======== MATERIAL FOR THE TASK

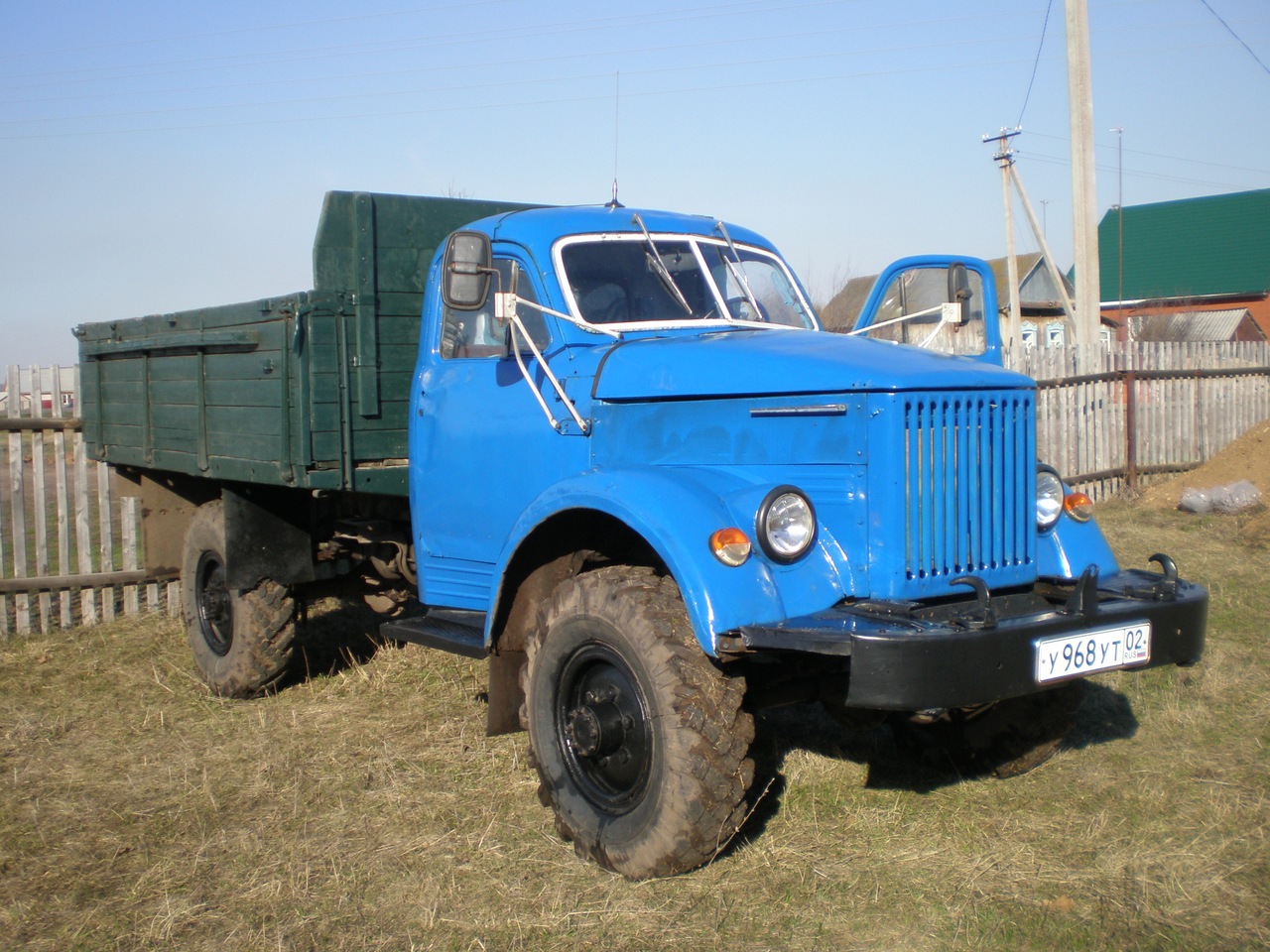 Видео газ 30. ГАЗ 63. ГАЗ 63 бортовой. ГАЗ-63 грузовой самосвал. ГАЗ-63 1943 грузовой автомобильный.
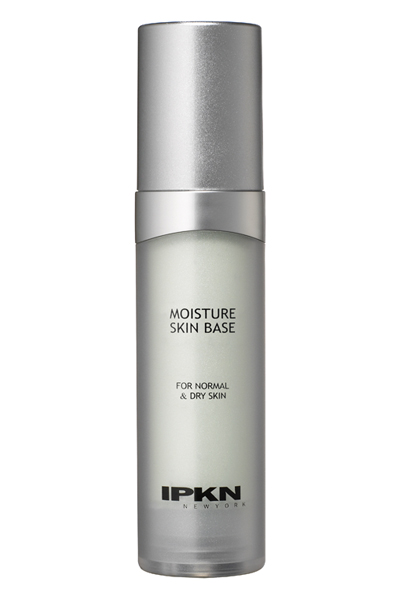 모이스처 스킨 베이스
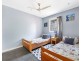 Villa 17 Couran Cove Resort, South Stradbroke QLD 4216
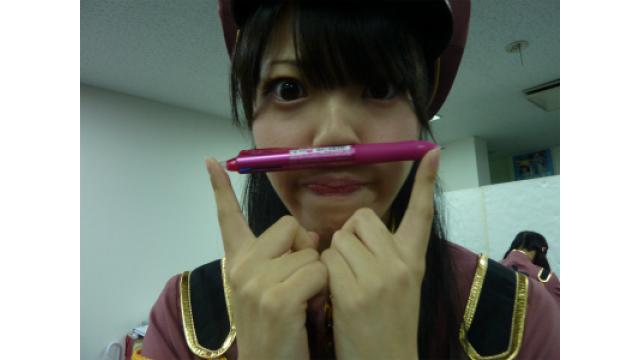 きゅー州カワイイチャンネル ブロマガ vol.135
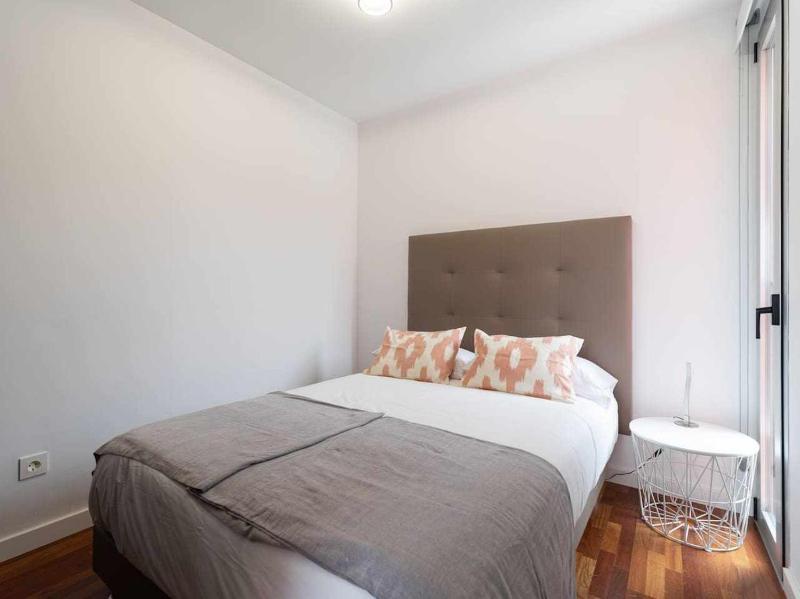 Villa Calm Ocean views by Infinity Summer - image 14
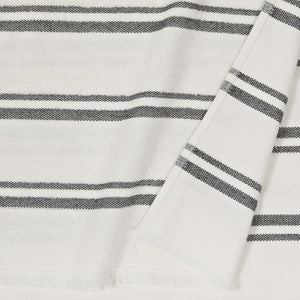 Kobn Towel - Crema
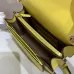 Bvlgari  Shoulder Bags Serpenti Forever #B51564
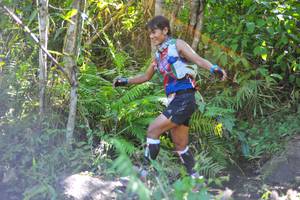 BIB: 
                            <button type="button" onclick="openModal(6911413)" class="btn btn-primary btn-sm float-right btn-popup" data-toggle="modal" data-target=".modal-high-quality">
                        <i class="fas fa-shopping-cart"></i> Add to Cart
                    </button>
                                            <button type="button" onclick="isThisMe(6911413, true)" class="btn btn-success btn-sm float-right btn-popup btn-isme hidden" data-toggle="tooltip" data-placement="bottom" title="นี่คือรูปของคุณใช่ไหม คลิกที่นี่เพื่อเอาเข้าอัลบั้ม">
                        <i class="fas fa-plus"></i> Add to album
                    </button>
                    <button type="button" onclick="isThisMe(6911413, false)" class="btn btn-warning btn-sm float-right btn-popup btn-isnotme hidden">
                        <i class="fas fa-ban"></i> Remove from album
                    </button>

================

(TRY IT) Wherever the word "album" turns up in the records above, copy the line that holds it.

(PROBLEM SOLUTION)
                        <i class="fas fa-plus"></i> Add to album
                        <i class="fas fa-ban"></i> Remove from album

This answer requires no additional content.